Querying a SPARQL endpoint from Bash

To access IDSM from Python, the curl utility can be used. Curl is a command-line tool for transferring data specified with URL syntax. This tool is part of the vast majority of Linux distributions and is typically installed by default.

endpoint="https://idsm.elixir-czech.cz/sparql/endpoint/idsm"
query="query=
PREFIX rdfs: <http://www.w3.org/2000/01/rdf-schema#>

SELECT * WHERE {
  ?entity rdfs:label ?label
}
LIMIT 10"

curl -H "Accept: text/csv" --data-urlencode "${query}" "${endpoint}"

Local Access

IDSM is not designed to run locally on a personal computer or small server. It consists of a number of components, and its overall installation involves many steps. A loaded dataset is often very large, and the system tries to update it atomically, which requires a large amount of resources. For example, updating data from PubChemRDF can take up to two days and consume 1TB of RAM. For these reasons, we have always thought of IDSM as a server service and have not considered the possibility of local use. On the other hand, we do not prevent local use in any way. All source codes are freely available, including installation notes.

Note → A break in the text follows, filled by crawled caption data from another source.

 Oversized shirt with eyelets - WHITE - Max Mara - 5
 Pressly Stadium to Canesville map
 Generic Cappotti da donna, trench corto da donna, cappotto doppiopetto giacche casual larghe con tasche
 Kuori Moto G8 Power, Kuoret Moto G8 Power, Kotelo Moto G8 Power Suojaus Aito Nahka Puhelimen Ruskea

IDSM consists of the following components:
  • chemweb - IDSM SPARQL engine
  • pgms - PostgreSQL extension for mass spectrometry
  • pgsparql - PostgreSQL extension for IDSM SPARQL engine support
  • sachem - PostgreSQL extension for chemical substructure and similarity search
  • loaders - IDSM dataset loaders
  • notes - IDSM installation notes
  • website - IDSM website (not needed for local use)

In addition, we have newly extended the installation notes with an example for Docker that allows a user to run a subset of IDSM locally. This subset includes data from the MoNA and ISDB databases. This example will allow you to run two docker containers using the docker compose tool. The first container contains a PostgreSQL database with all the necessary extensions. The second container is built on top of Apache Tomcat and includes the IDSM SPARQL engine itself.

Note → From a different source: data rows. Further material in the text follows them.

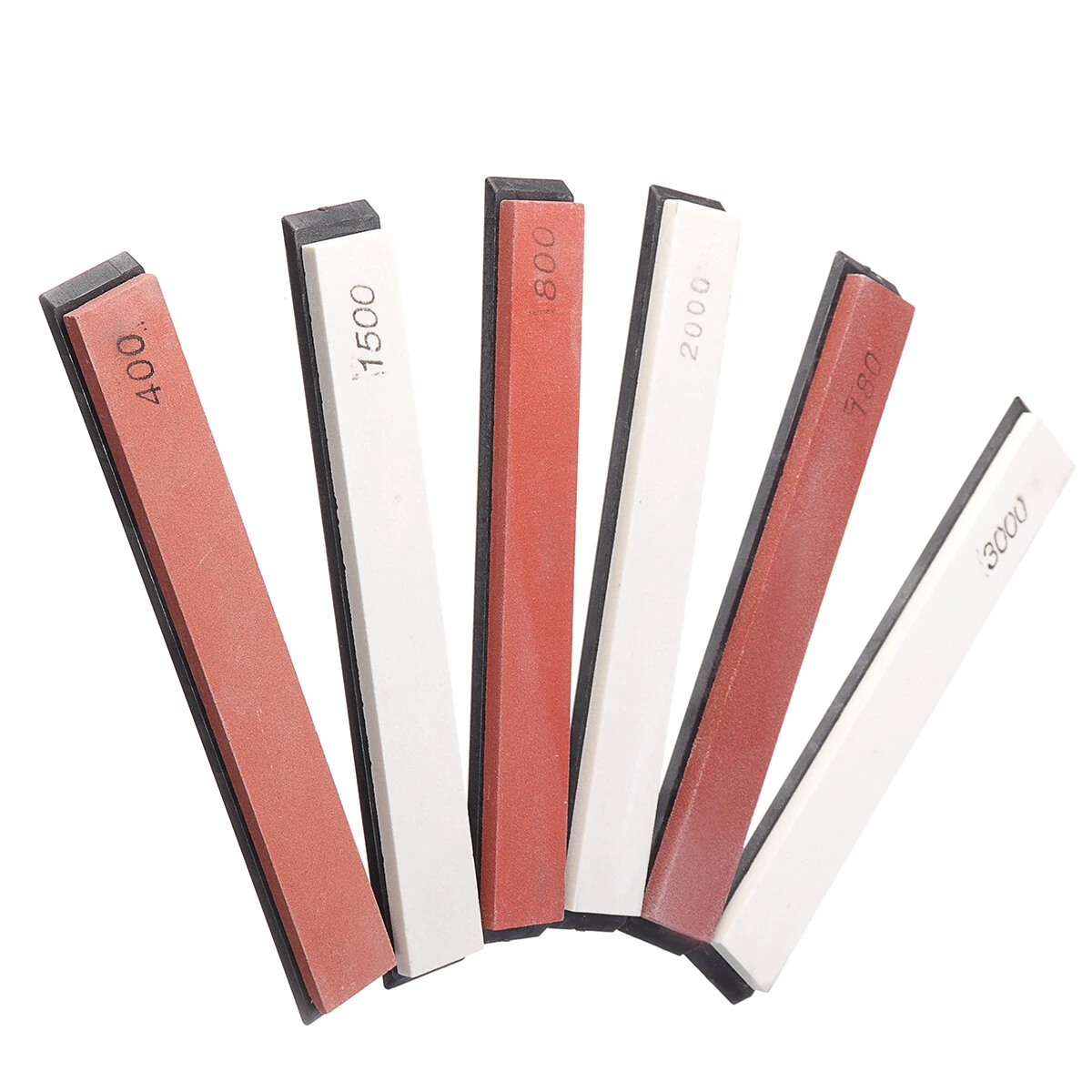 6 Pcs Sharpening Stone Set - Whetstone Kit with Grit Guide & Non-Slip Base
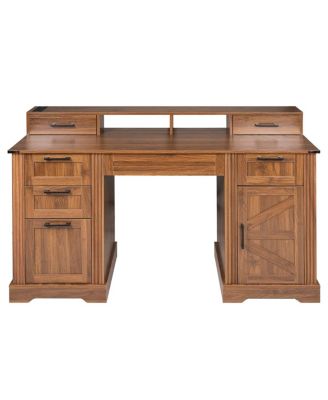  59" Farmhouse Office Desk with Charging Station & Storage Cabinet, Barn Door Design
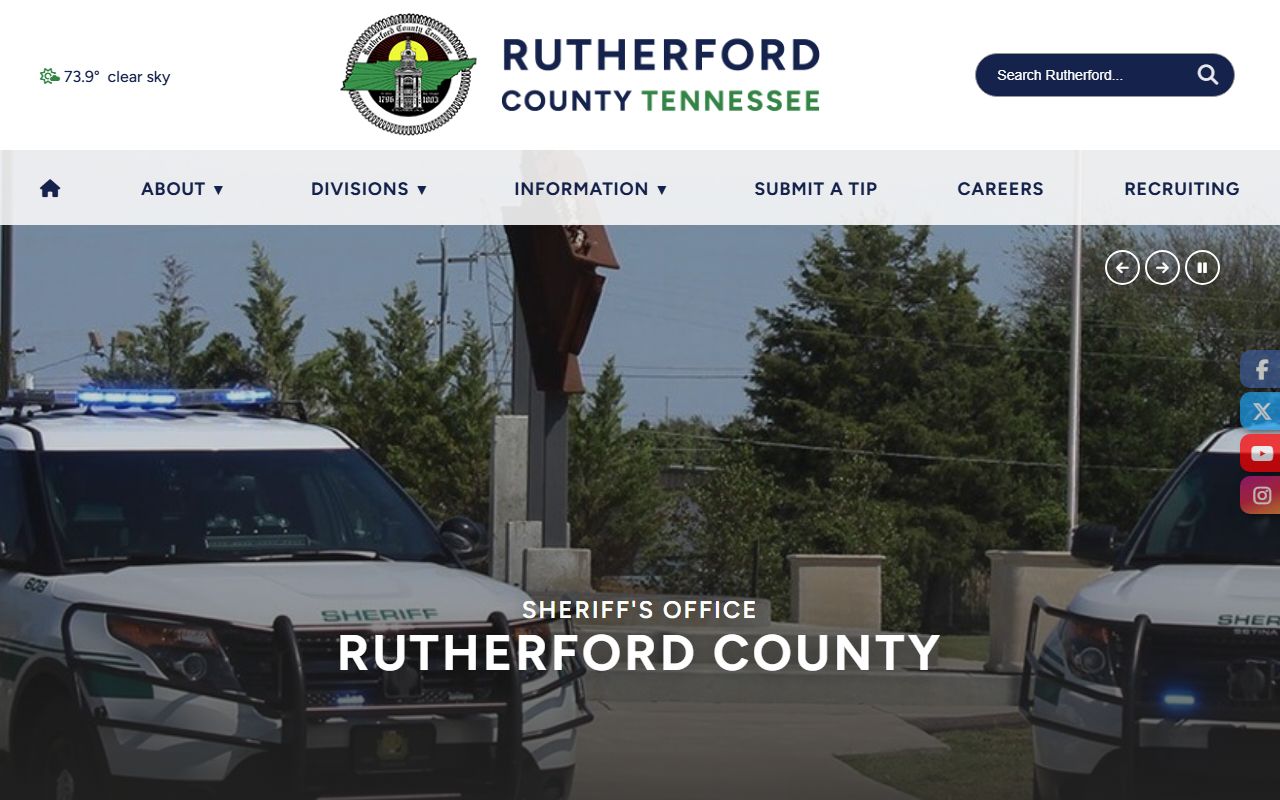 Rutherford County Sheriff website for Murfreesboro jail roster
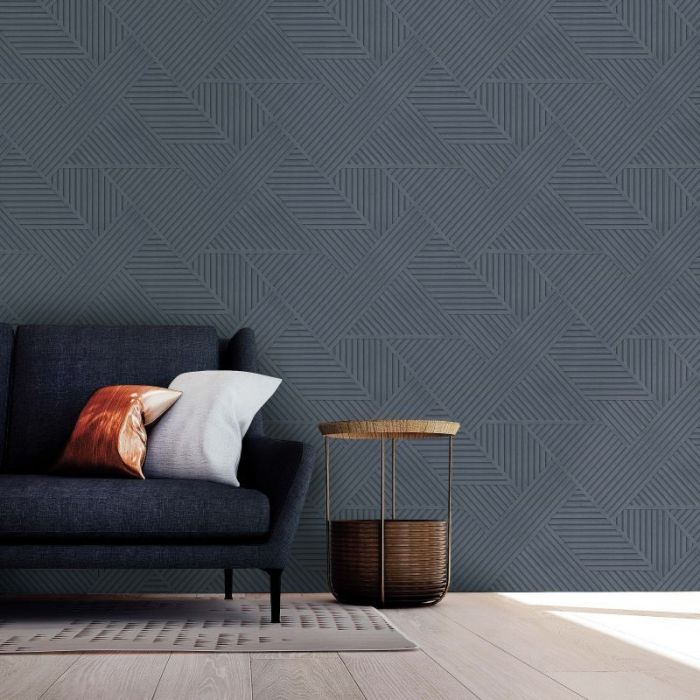 Wood Geo Panelled Wallpaper Navy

To run the containers, please use the following command:

docker compose -f notes/examples/docker/ms/compose.yaml up -d

Once started, the SPARQL endpoint is available at http://localhost:8080/sparql/.

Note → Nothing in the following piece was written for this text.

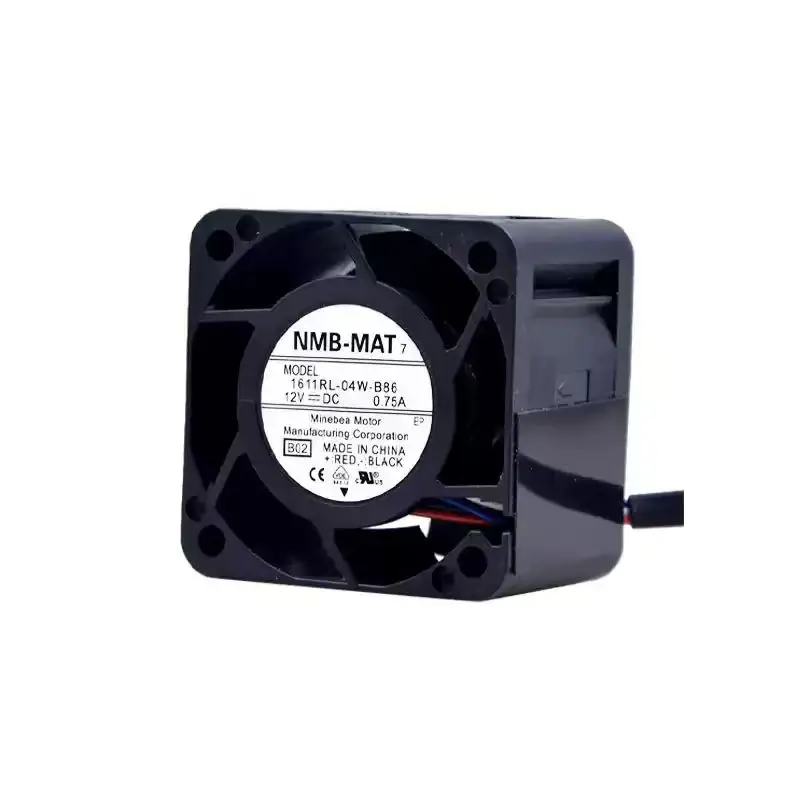 Original For NMB 1611RL-04W-B86 12V 0.75A 4028 40mm Dual Ball Bearing High Speed DC Brushless Server Cooling Fan Radiator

After starting the containers, the database is empty. Please use the following command to load data from ISDB:

docker compose -f notes/examples/docker/ms/compose.yaml exec db /usr/bin/load-isdb.sh

And the following command to load data from MoNA:

docker compose -f notes/examples/docker/ms/compose.yaml exec db /usr/bin/load-mona.sh

Note that you must have at least 64GB of RAM to load the data.